Dataset entries:

---

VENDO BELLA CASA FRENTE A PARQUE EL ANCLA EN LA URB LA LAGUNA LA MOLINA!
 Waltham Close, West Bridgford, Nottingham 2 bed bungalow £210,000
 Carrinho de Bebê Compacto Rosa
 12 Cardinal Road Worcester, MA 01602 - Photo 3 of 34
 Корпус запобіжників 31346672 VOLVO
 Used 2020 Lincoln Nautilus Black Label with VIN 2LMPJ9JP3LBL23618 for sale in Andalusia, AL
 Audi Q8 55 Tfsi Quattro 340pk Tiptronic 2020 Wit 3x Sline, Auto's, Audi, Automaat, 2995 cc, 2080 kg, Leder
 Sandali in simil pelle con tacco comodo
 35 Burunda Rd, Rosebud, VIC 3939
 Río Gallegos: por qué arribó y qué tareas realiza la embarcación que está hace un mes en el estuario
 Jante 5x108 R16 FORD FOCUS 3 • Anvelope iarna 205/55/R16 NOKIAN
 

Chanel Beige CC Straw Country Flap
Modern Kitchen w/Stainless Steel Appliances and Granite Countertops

---

• **Assignment**: Give back exactly the lines running from the line that has "Chanel Beige CC Straw Country Flap" to the end of the entries above.

• **Exercise answer**:
Chanel Beige CC Straw Country Flap
Modern Kitchen w/Stainless Steel Appliances and Granite Countertops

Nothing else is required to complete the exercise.